The full-sync switches to the wake-up channel for 16s. If only 2 or 4 slots are used, labels in sync will actually miss enough sync pulses to fall back to the wake-up channel. However, they will only start listening to the wake-up channel 15s after the fall-back. When they do, the full-sync is already back on the configured channel, so the label won't wake up again.
I've also noticed that labels go back in sync on their own after ~15-30min.
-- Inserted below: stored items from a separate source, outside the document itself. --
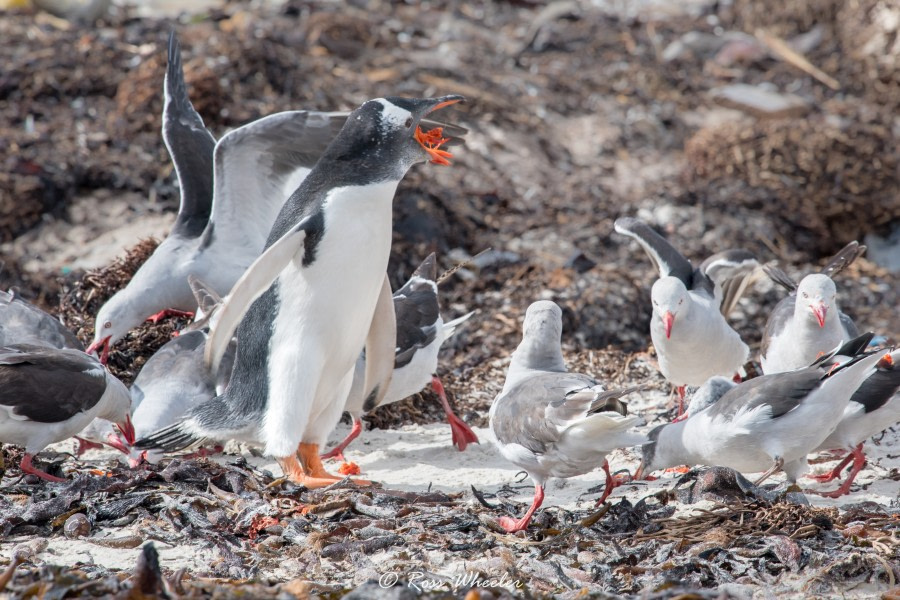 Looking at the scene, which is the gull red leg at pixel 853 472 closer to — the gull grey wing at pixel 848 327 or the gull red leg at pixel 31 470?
the gull grey wing at pixel 848 327

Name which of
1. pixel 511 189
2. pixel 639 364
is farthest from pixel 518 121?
pixel 639 364

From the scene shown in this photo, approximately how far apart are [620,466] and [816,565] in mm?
1728

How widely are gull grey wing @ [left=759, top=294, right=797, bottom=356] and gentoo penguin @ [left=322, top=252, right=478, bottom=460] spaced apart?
1847 mm

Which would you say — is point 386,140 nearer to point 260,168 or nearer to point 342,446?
point 342,446

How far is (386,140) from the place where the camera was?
16.3 ft

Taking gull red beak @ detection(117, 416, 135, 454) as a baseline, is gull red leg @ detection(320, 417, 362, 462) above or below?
below

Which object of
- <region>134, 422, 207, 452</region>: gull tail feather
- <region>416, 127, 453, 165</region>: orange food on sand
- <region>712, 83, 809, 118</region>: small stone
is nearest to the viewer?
<region>416, 127, 453, 165</region>: orange food on sand

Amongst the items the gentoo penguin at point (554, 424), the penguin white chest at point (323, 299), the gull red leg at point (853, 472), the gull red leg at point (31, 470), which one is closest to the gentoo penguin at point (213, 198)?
the gull red leg at point (31, 470)

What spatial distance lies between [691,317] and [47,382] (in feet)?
11.5

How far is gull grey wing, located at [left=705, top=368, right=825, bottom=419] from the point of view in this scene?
473cm

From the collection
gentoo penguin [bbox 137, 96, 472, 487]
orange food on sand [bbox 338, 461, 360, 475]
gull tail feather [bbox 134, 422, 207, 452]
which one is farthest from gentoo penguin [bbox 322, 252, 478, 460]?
gull tail feather [bbox 134, 422, 207, 452]

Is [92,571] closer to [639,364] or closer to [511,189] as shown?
[639,364]

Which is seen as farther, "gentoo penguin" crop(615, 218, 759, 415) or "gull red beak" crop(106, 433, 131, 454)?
"gentoo penguin" crop(615, 218, 759, 415)

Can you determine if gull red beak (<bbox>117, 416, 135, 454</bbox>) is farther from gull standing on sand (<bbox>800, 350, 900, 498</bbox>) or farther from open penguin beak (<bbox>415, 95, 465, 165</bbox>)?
gull standing on sand (<bbox>800, 350, 900, 498</bbox>) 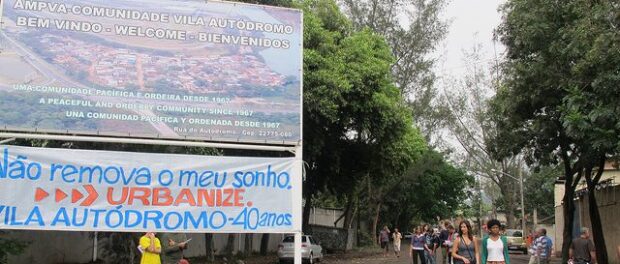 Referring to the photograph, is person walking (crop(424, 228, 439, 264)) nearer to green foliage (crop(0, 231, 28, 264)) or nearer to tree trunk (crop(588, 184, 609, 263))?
tree trunk (crop(588, 184, 609, 263))

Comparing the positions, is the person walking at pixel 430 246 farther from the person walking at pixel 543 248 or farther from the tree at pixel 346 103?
the tree at pixel 346 103

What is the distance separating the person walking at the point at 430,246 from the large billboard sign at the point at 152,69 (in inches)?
411

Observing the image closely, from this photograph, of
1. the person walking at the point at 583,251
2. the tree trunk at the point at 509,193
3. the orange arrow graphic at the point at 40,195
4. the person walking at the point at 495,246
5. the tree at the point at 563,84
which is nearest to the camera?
the orange arrow graphic at the point at 40,195

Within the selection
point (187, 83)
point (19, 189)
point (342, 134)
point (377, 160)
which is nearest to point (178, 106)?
point (187, 83)

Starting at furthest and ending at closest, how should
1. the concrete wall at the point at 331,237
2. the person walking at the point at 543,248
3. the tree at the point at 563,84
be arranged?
the concrete wall at the point at 331,237
the person walking at the point at 543,248
the tree at the point at 563,84

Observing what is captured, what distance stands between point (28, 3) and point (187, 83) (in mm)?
2100

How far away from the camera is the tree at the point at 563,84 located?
40.0ft

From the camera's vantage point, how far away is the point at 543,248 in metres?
14.7

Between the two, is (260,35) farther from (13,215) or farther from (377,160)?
(377,160)

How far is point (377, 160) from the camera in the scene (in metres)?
27.5

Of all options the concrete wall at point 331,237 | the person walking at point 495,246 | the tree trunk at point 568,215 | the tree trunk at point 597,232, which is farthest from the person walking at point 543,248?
the concrete wall at point 331,237

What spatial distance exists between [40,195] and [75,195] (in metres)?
0.39

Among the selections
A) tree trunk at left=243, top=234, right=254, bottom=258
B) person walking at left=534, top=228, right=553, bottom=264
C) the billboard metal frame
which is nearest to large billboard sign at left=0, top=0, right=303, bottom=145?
the billboard metal frame

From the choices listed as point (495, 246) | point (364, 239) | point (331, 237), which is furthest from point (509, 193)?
point (495, 246) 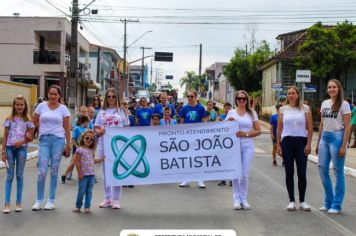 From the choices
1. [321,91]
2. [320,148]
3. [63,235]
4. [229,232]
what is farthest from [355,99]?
[229,232]

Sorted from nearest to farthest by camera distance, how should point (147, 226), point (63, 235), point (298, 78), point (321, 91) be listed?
1. point (63, 235)
2. point (147, 226)
3. point (298, 78)
4. point (321, 91)

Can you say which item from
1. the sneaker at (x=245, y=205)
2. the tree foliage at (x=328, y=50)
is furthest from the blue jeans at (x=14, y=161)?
the tree foliage at (x=328, y=50)

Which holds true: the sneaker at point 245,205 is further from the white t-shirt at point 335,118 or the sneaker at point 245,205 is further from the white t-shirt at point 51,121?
the white t-shirt at point 51,121

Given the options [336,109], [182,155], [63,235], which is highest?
[336,109]

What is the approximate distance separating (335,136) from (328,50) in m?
31.2

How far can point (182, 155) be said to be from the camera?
934cm

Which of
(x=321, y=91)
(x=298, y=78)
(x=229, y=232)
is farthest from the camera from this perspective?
(x=321, y=91)

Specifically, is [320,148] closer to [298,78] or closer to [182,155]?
[182,155]

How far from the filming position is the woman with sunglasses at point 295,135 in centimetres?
894

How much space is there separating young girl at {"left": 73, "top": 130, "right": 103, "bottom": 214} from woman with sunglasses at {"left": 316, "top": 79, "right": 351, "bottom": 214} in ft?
11.4

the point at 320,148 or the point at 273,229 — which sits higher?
the point at 320,148

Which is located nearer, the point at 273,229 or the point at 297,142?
the point at 273,229

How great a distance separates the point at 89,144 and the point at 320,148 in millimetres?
3515

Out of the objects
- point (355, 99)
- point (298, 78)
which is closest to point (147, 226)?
A: point (298, 78)
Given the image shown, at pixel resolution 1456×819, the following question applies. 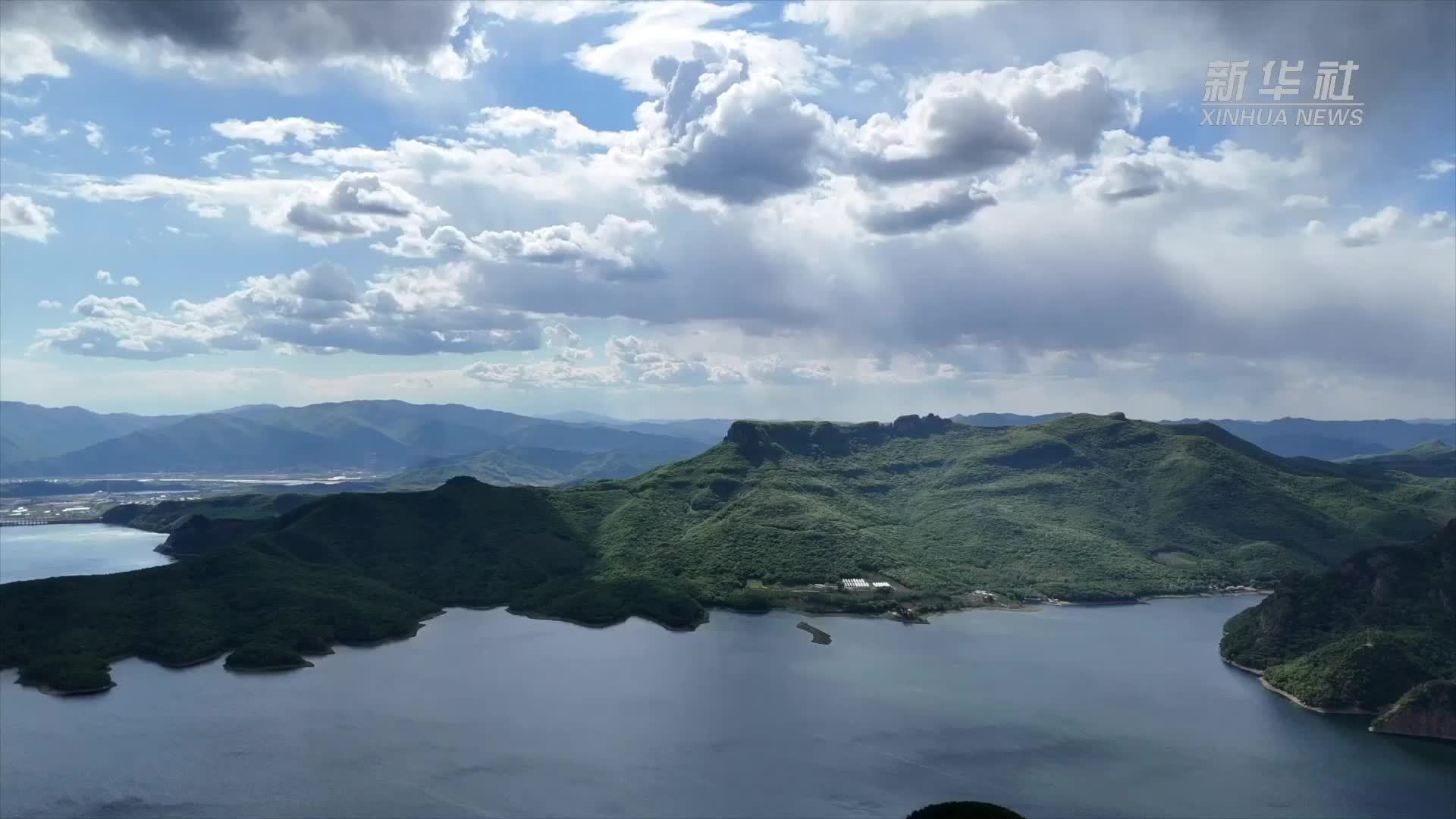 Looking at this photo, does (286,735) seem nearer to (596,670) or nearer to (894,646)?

I guess they are listening to their configured channel periodically and looking for syncs.
So the occasional full-sync may not really be necessary.
With 8/16/32 slots it's not really a problem because they won't miss 3 syncs in 16s and thus stay in sync.
Thanks for that,
it could actually be removed and it sounds very plausible.
Another solution is to calculate the max missed sync better
Here for New method:
https://github.com/atc1441/E-Paper_Pricetags/blob/main/Custom_PriceTag_AccesPoint/ESP32_Async_PlatformIO/RFV3/mode_wun_activation.h#L125
And here for the old one:
https://github.com/atc1441/E-Paper_Pricetags/blob/main/Custom_PriceTag_AccesPoint/ESP32_Async_PlatformIO/RFV3/mode_activation.h#L179
I've set int rounds_to_resync = INT_MAX;
for now to basically disable the automatic sync.
I also found that running the longer sync pulses increases the chance that a label recovers from wake-up channel.
Interestingly, while a longer sync-pulse shows up in the power draw of the label, it won't always recover to sync.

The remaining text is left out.